Only 3.63% of eligible Comal voters cast ballots for state amendments in 2017. 

“We totaled only a few thousand voters for the 2017 off-year election, and we planned for a similar small turnout this year,” Jaqua said. “Like many other counties, we saw it didn’t work.”

Jaqua said 15,827 of the county’s 103,638 eligible voters cast ballots, including 8,723 who voted at 13 countywide centers on the day of the election. 

The 15.27% turnout was second in county off-year voter participation, ranking behind the 20.5% in 2013 that included Comal Independent School District’s bond proposal and ahead of the 2015 tally that also included the bond for the new county jail and sheriff’s office renovations.

Balloting was especially brisk at polls in Bulverde and Canyon Lake. 

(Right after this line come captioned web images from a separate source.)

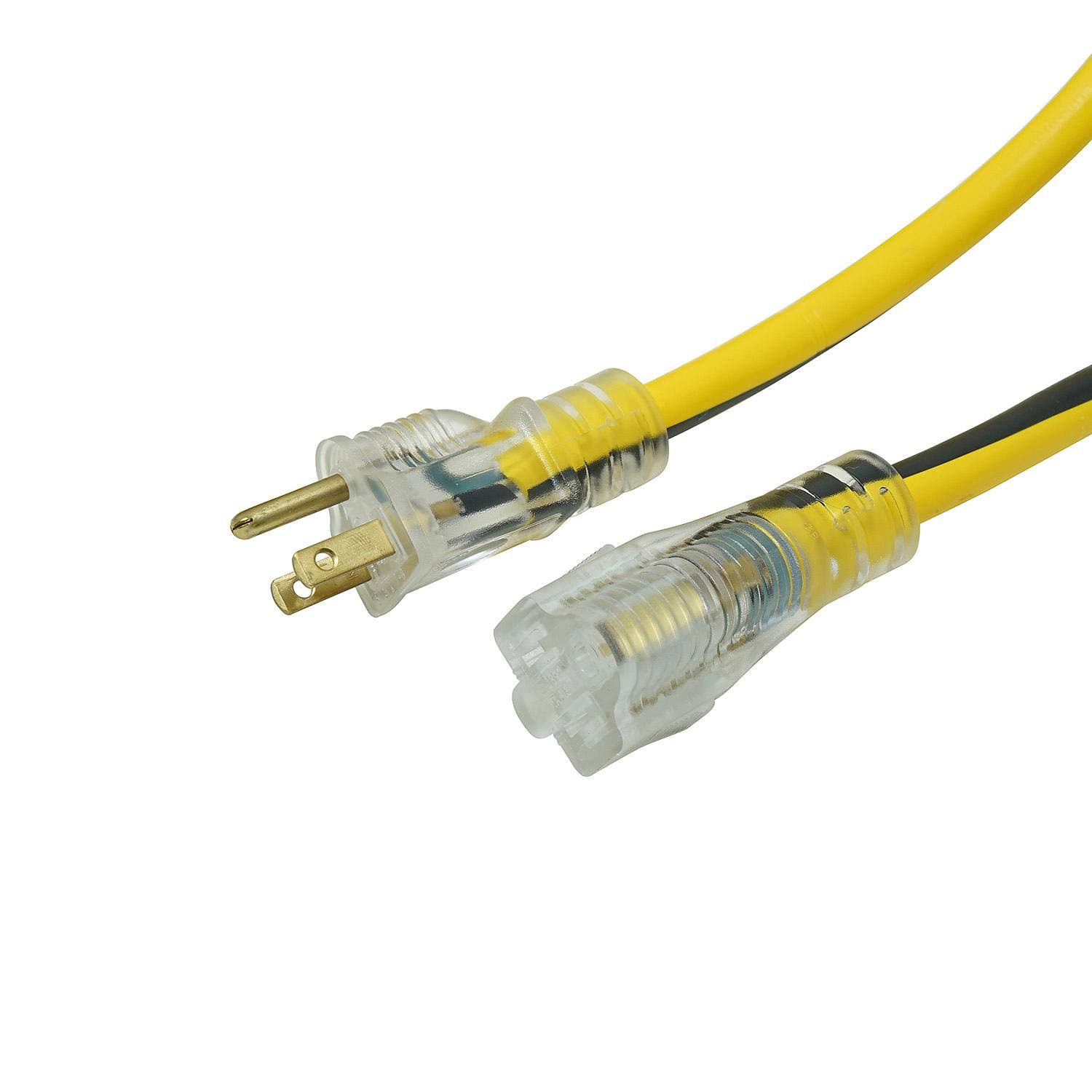 Yellow Jacket 100-Ft. Outdoor Extension Cord W/ Lighted ALZEF3K8_XRVOC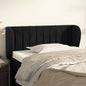 JUNG Vida Kopfteil mit Ohren Schwarz 103x23x78/88 cm Samt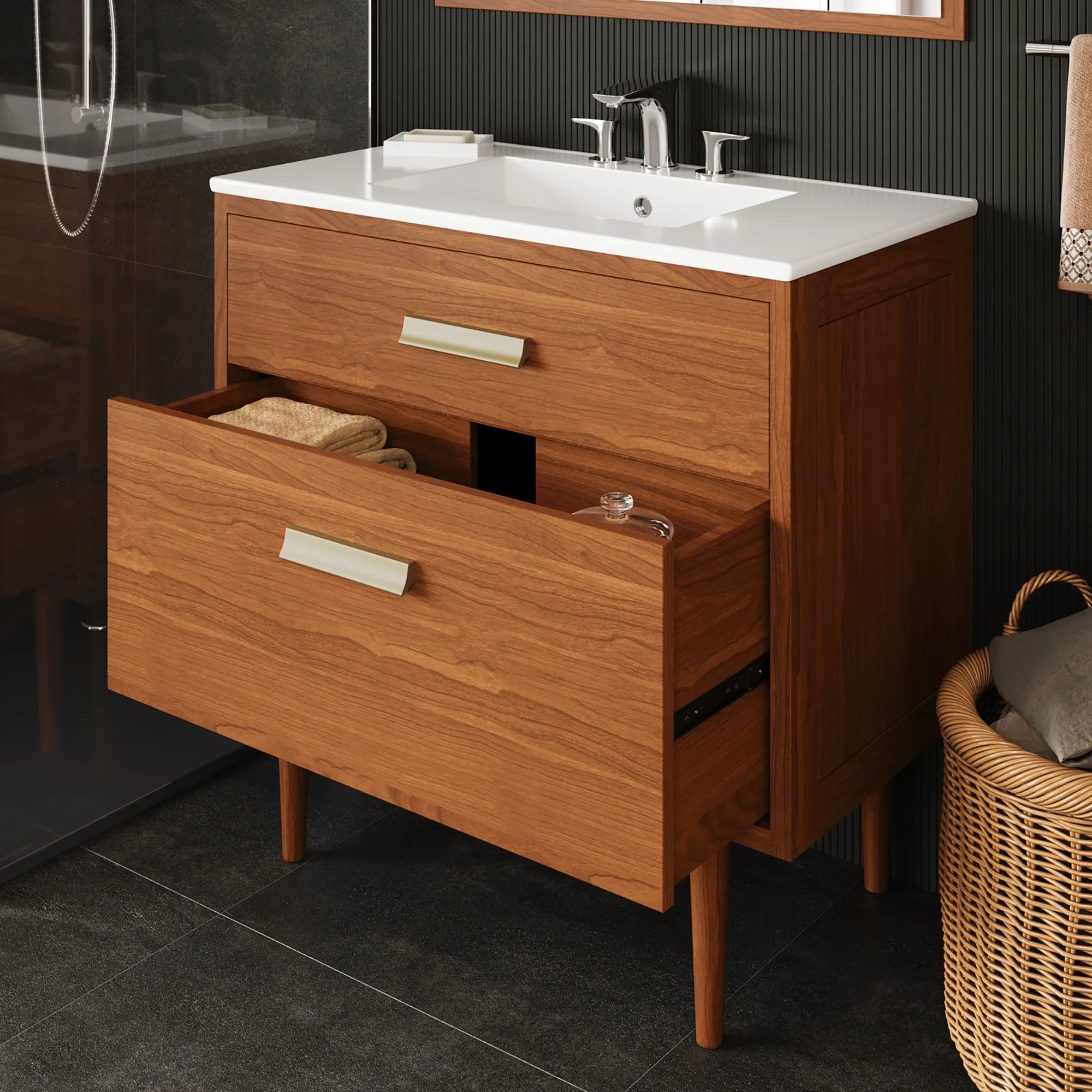 Cassia Bathroom Vanity Basin Included - Image 17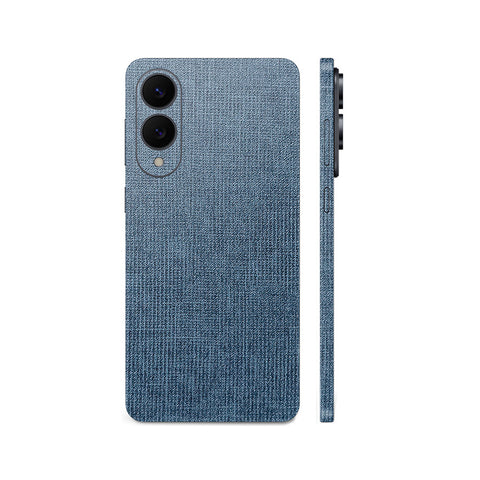 Miếng Dán Da Samsung Galaxy S25 Series Vân Vải Xanh Navy | H5503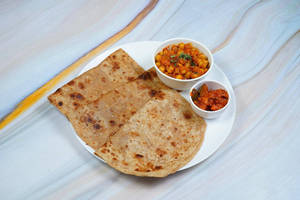 Dal /veg With Two Plain Parothi
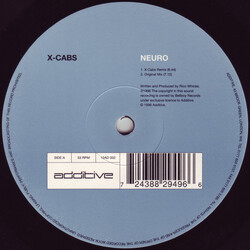 X-Cabs Neuro USED VINYL 12INCH 33 S RPM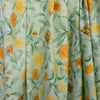 Italian 'cosmos flowers' on textured cotton woven 1 yard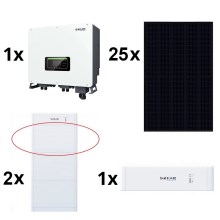 Päikesepaneeli komplekt SOFAR Solar - 10kWp RISEN Full Black + 10kW SOFAR Hübriidkonverter 3p +10,24 kWh patarei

Bulverde Area Rural Library District elected two board members; Emergency Services District No. 3’s Proposition A, providing an option to raise the ESD’s maximum taxing rate from 8 cents to 10 cents per $100 property valuation, failed by 12 votes out of nearly 4,200 cast.

Jaqua said voters were still in line at three locations when polls closed at 7 p.m. – about 150 at the Mammen Family Library in Bulverde; 50 at Tye Preston Library in Canyon Lake and about 25 at Garden Ridge City Hall. 

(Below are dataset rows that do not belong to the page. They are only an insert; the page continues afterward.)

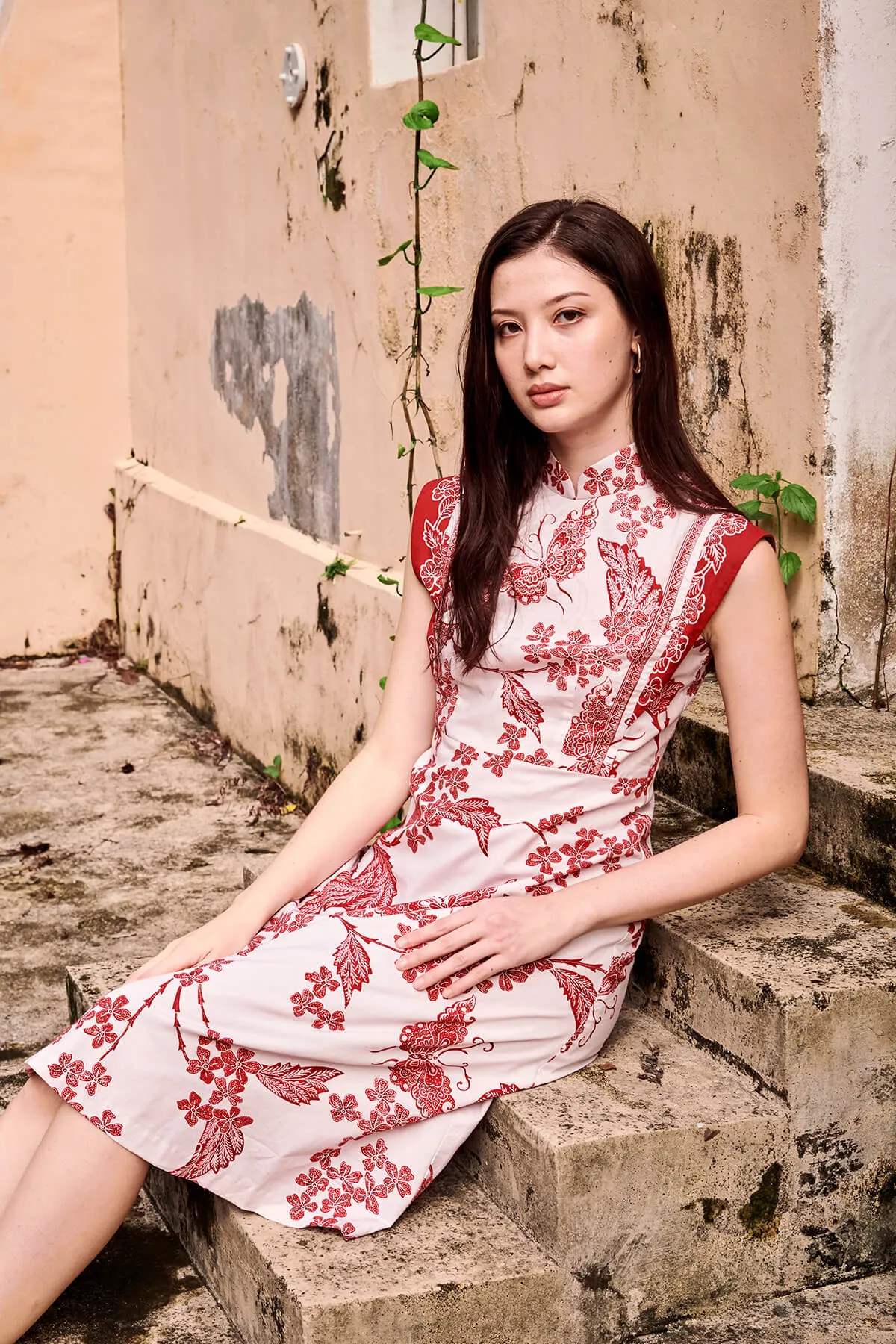 TAYLA BATIK CHEONGSAM DRESS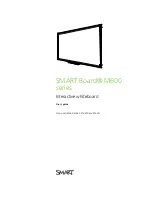 Preview for 1 page of SMART Board M600 series User Manual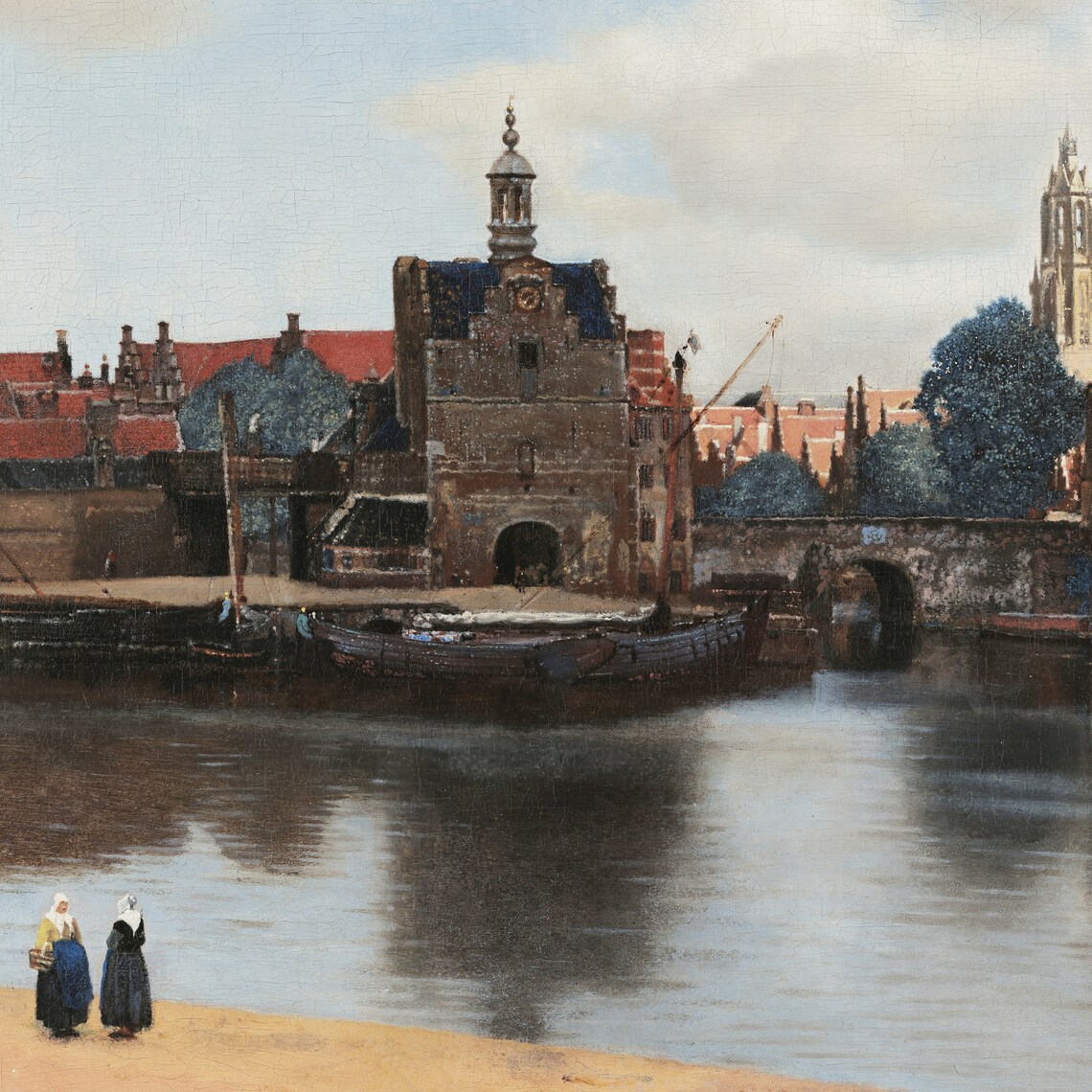 View Of Delft by Johannes Vermeer Art Print - Image 2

Turnouts at the three sites totaled 1,077, 1,000 and 732 voters, respectively. Christ Presbyterian Church saw 968 voters and another 800 cast ballots at the Comal County Senior Center. Jaqua said 60.86% cast ballots near their home precincts, with the remaining 39.14% voting at other polling locations.

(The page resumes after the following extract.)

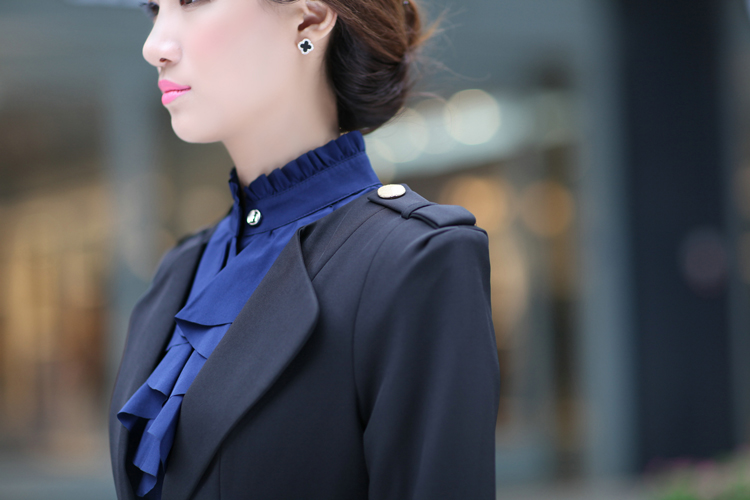 工装小西服外套女黑哪里买卖比较好的 白色西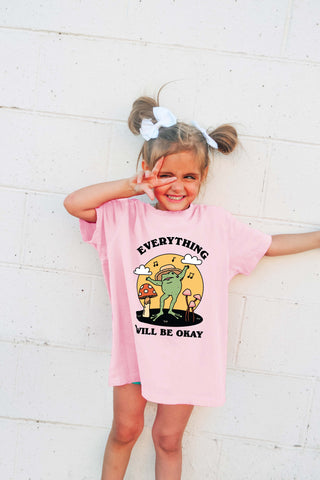 'Everything will be Okay' Kid's Frog T-shirt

Jaqua said county staffers asked exiting voters three questions: why they selected that site; if they knew they could vote at other sites; and if they liked the option to vote at any site. She said 1,888 chose sites because they were close to home and 2,350 liked being able to vote anywhere. 

While 1,755 were aware they could vote at any site, but 965 said they weren’t — the lone beef of many speaking during the public hearing. The county reached 22,012 citizens in promoting the election between Sept. 18 and Nov. 5, which could have been more.

“The only thing I had a problem with was receiving more guidance on where to vote,” Albert Torres said. “I would like to see more advance notices through advertising, and adding signage on roadways that point to voting locations. Both would help tremendously.”

The Nov. 5 polling was also the first test of Hart InterCivic’s Verity polling equipment. The county spent $1.42 million for 275 Verity machines and software that all agreed is easier than Hart’s eSlate machines, which used a dial to select candidates and submit ballots and often confused many voters. 

County party chairs – Republican Sue Piner and Democrat Gloria Meehan – also praised the new system and elections centers. Others included Jerrie Champlin and Roxana Deane of the League of Women Voters of the Comal Area; and Patrick Aten, New Braunfels city secretary.

“Voting centers are for the voters, and it worked out wonderfully well,” Deane said. “People were able to vote where they found it most convenient, and the only reason there were long lines was because there (are usually) fewer places to vote during a constitutional amendment election.

“Next year there twice as many places for people to vote – and I doubt there will be those problems. The (universal) sites are for the voters.”

Jaqua said the county has until Dec. 5 to send its information to the Texas SOS, and it hopes to hear a final decision before planning for the March primaries.